Há uma forte pressão sobre os bravos cidadãos que resistem a ter um telefone celular. Lá estão eles, tranquilos, sem sentir falta de algo que nunca tiveram. Sabem, portanto, que prescindem do aparelho. Mas os amigos e parentes estão convencidos de que, ao se comportarem como luditas antipáticos, os renitentes dificultam suas próprias vidas e a dos que interagem com eles. Geralmente, a justificativa para convencer o sujeito a aderir à tecnologia é a segurança. Em caso de queda no banheiro, por exemplo, a quem recorrer se você estiver sozinho em casa? Raciocínio sensato, mas que implica na necessidade de nunca se desgrudar do aparelho e jamais deixar a bateria descarregar. O aparelho deve se tornar um apêndice de seu corpo e ser nutrido como tal.
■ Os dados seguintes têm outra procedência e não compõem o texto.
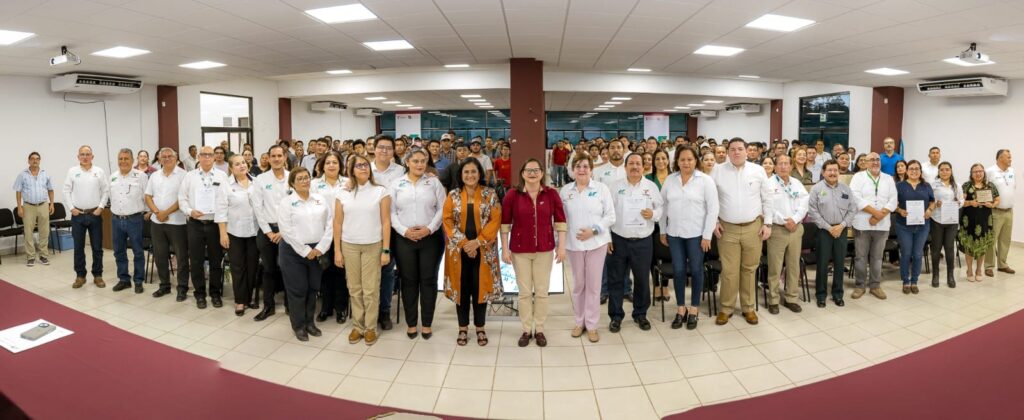 E 2 Reconocen a docentes, personal administrativo y estudiantes de la Universidad Tecnológica de Altamira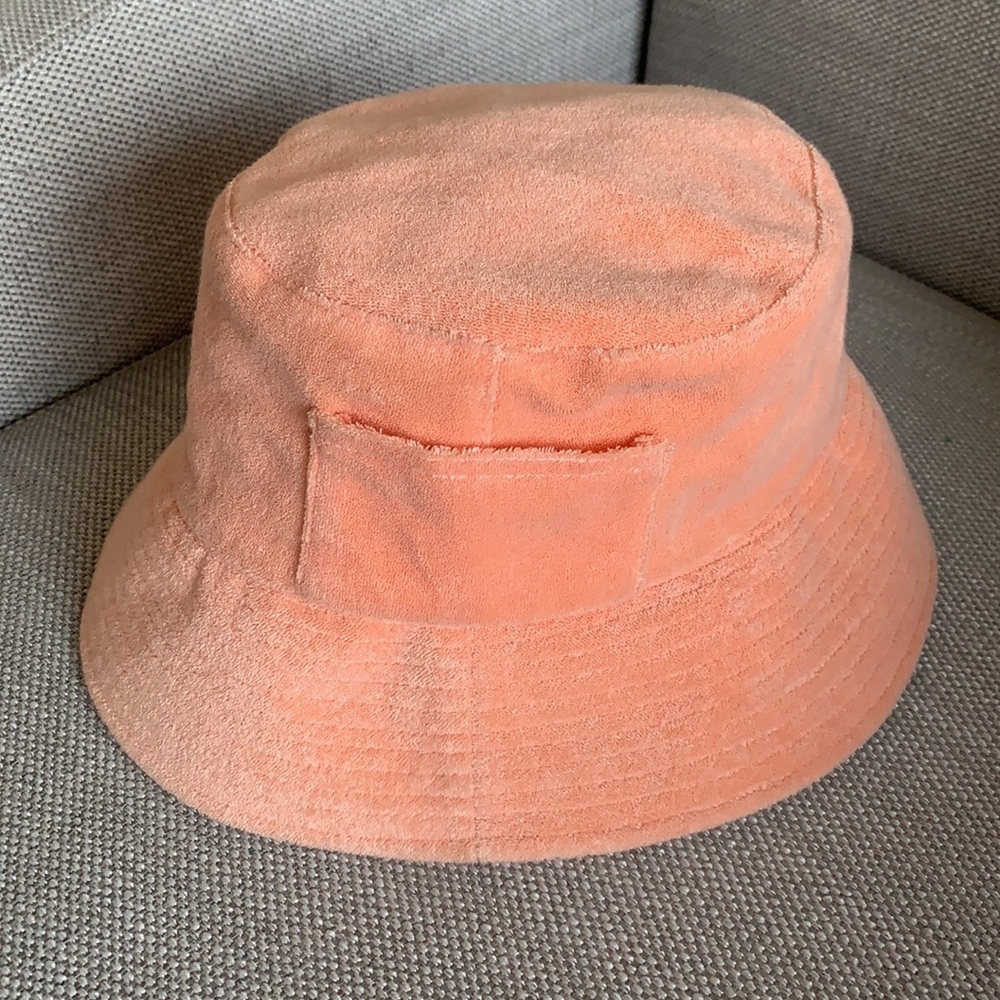 NWT Lack of Color, Wave Bucket Hat in Pastel Peach Terry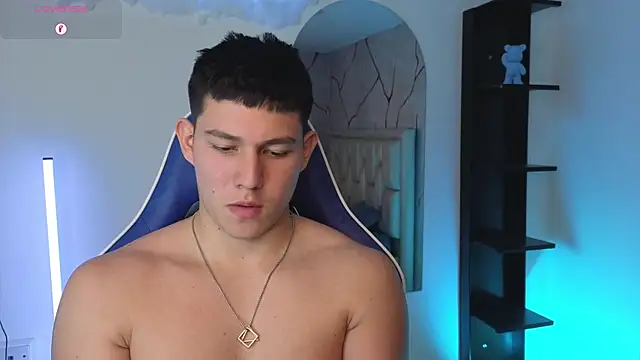 JamesCr_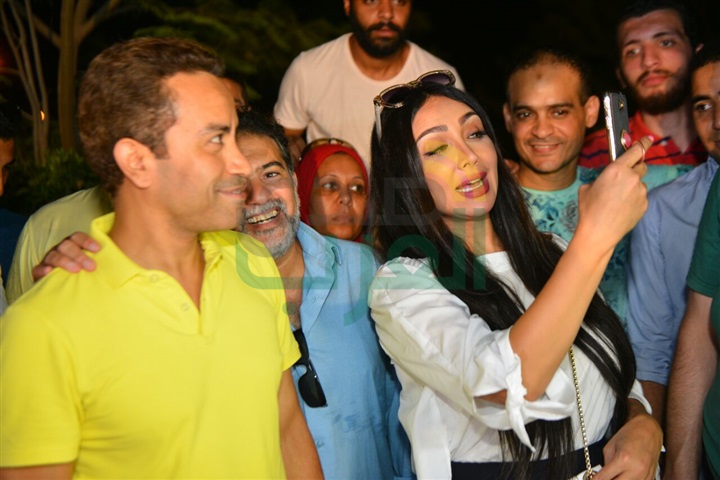 بالصور.. أبطال فيلم "بث مباشر" يحتفلون بإنتهاء تصويره بالصور.. أبطال فيلم "بث مباشر" يحتفلون بإنتهاء تصويره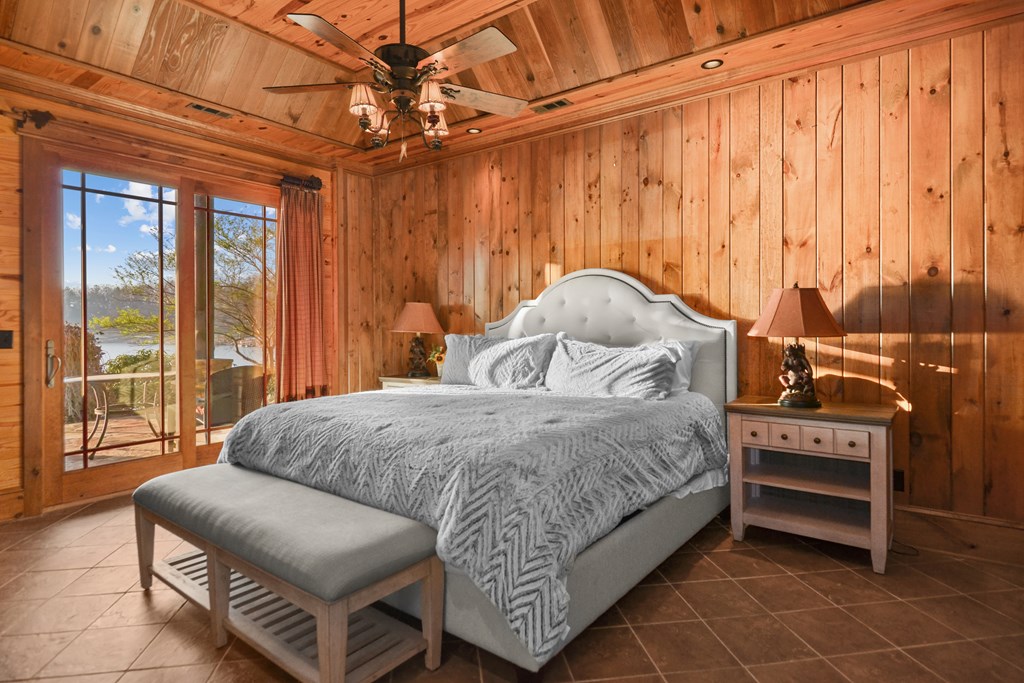 416239 Morganton Residential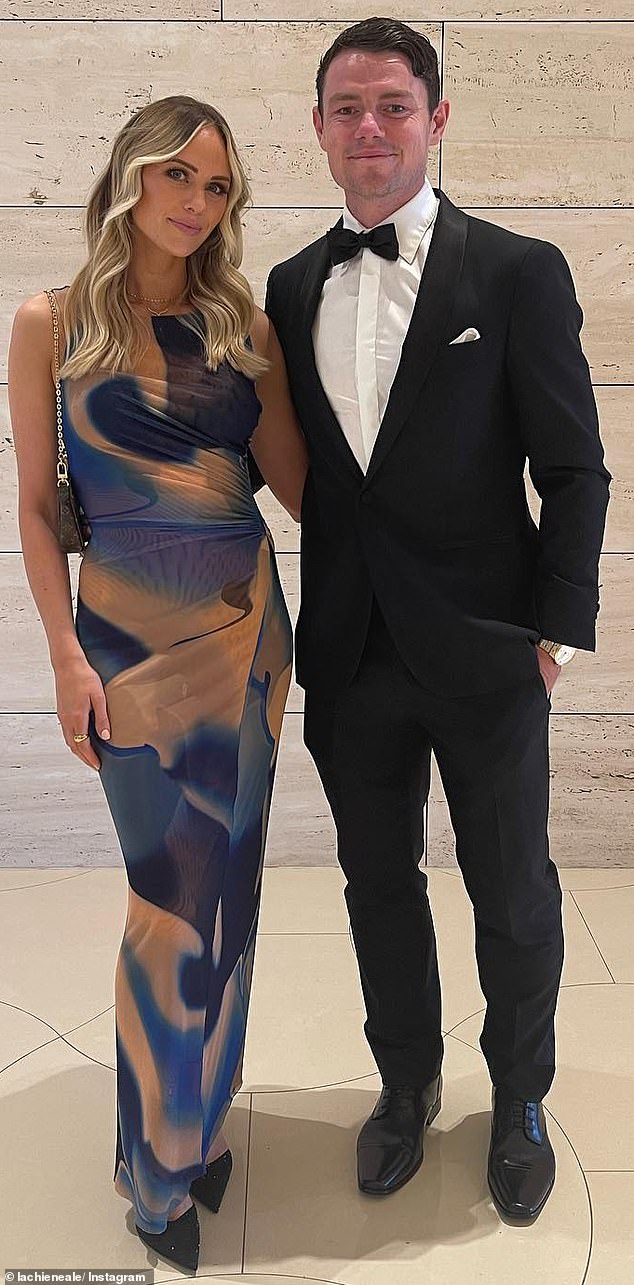 بلغت الدراما ذروتها يوم الجمعة عندما أعلن لاتشي، الحائز على ميدالية براونلو مرتين، أنه سيتنحى عن منصب قائد فريق بريسبان ليونز بينما أكد انفصاله عن جولز.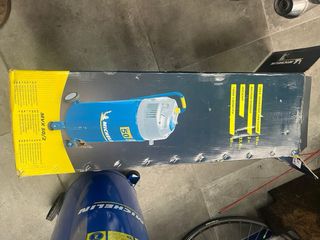 Compresor vertical Michelin MVX 50/2 50 litros 2hp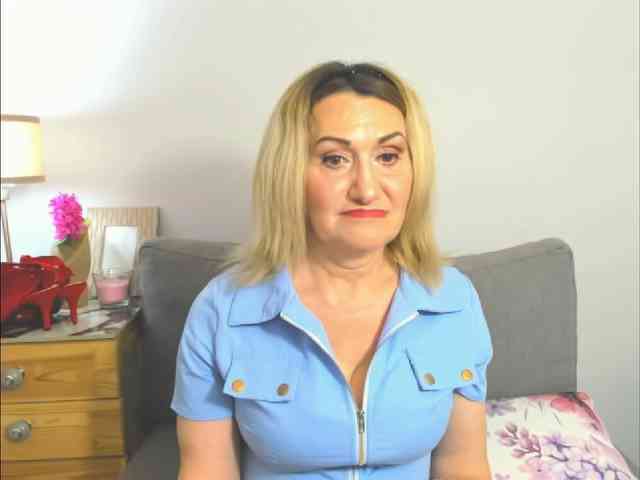 IsabellaExperienced webcam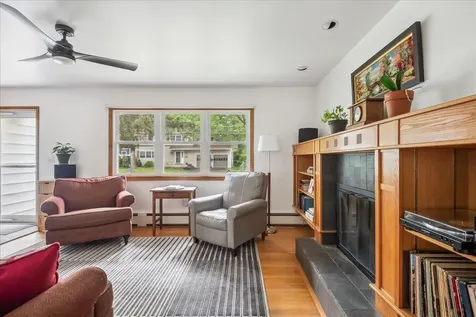 213 Pleasant Avenue Burlington VT 05408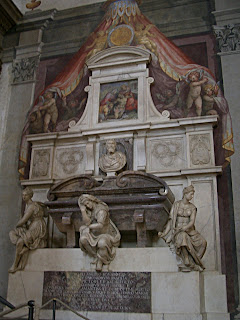 Túmulo de Michelangelo na Santa Croce em Florença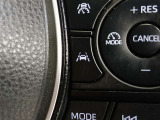 レーンキープコントロール搭載:車線の中央付近を安定して走行するよう車線から外れそうになった時に警告を出したり、ステアリングを調整して車線内に戻す装備です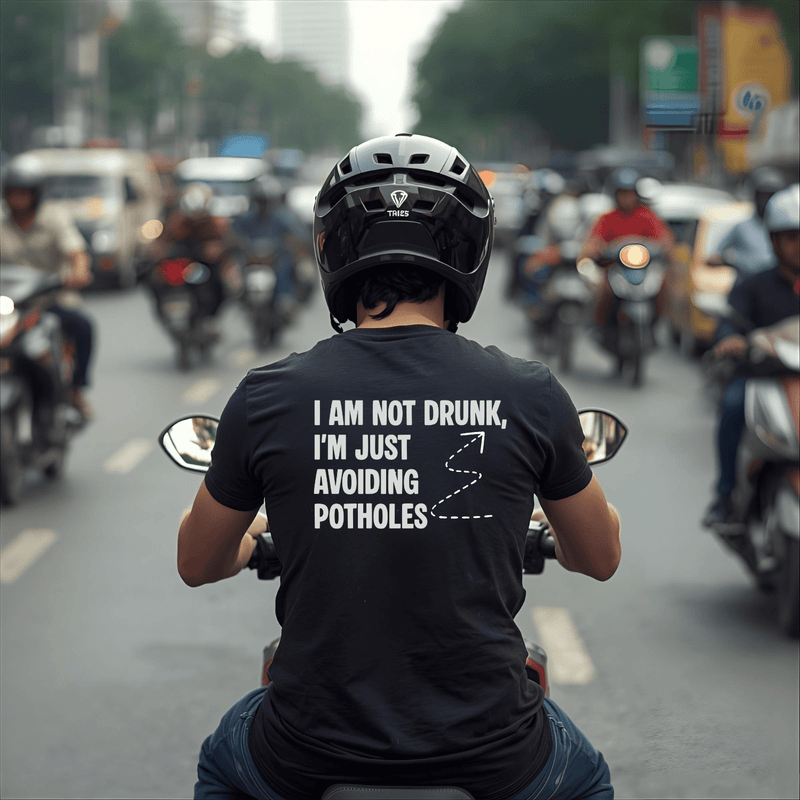 ROUND NECK | GRAFFITI | POTHOLES - Teestra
Esta semana encontrei o sr. Adalberto com a família no restaurante. Havia um tom de comemoração entre eles porque o sr. Adalberto finalmente aceitou usar um celular e agora carrega consigo o aparelho que o filho lhe deu.

Bem-vindo ao mundo dos eternamente “em contato”, sr. Adalberto! E cuidado, que esses aparelhos às vezes têm vida própria.

Sempre fantasiamos que as máquinas um dia serão tão inteligentes que acabarão nos dominando

Pretensão ou ingenuidade, não sei. Fato é que sempre fantasiamos que as máquinas um dia serão tão inteligentes que acabarão nos dominando. Ficarão parecidas conosco, vingativas e mandonas. Terão piti, como o Hal 9000, de 2001, Uma Odisseia no Espaço. Quando a máquina faz algo que não conseguimos explicar, nós, os leigos da tecnologia, desconfiamos que ela anda pensando por conta própria. Eu mesma desconfio que o meu aparelho está empenhado em me constranger. Se não é isso, por que, então, começaria a tocar um funk no exato momento em que me levantei para ir até a funcionária da Polícia Federal que iria renovar meu passaporte? “Ah, a música era sua?”, comentou a moça quando lhe expliquei minha pressa em desligar o aparelho. Muito delicada, ela não fez nenhum comentário sobre o meu aparente mau gosto musical. Como sempre, quando se trata de tecnologia, havia uma explicação para aquilo que me pareceu um fenômeno sobrenatural. Suponho que, com o aparelho espremido no bolso dianteiro do jeans, acionei acidentalmente a tela touch ao me levantar e fui para o YouTube, de onde saiu o vozeirão do funkeiro. Como costuma acontecer, a explicação tira a graça da história. Preferia pensar no celular como um ser endiabrado, um saci eletrônico pregando peças nas tataranetas da Dona Benta.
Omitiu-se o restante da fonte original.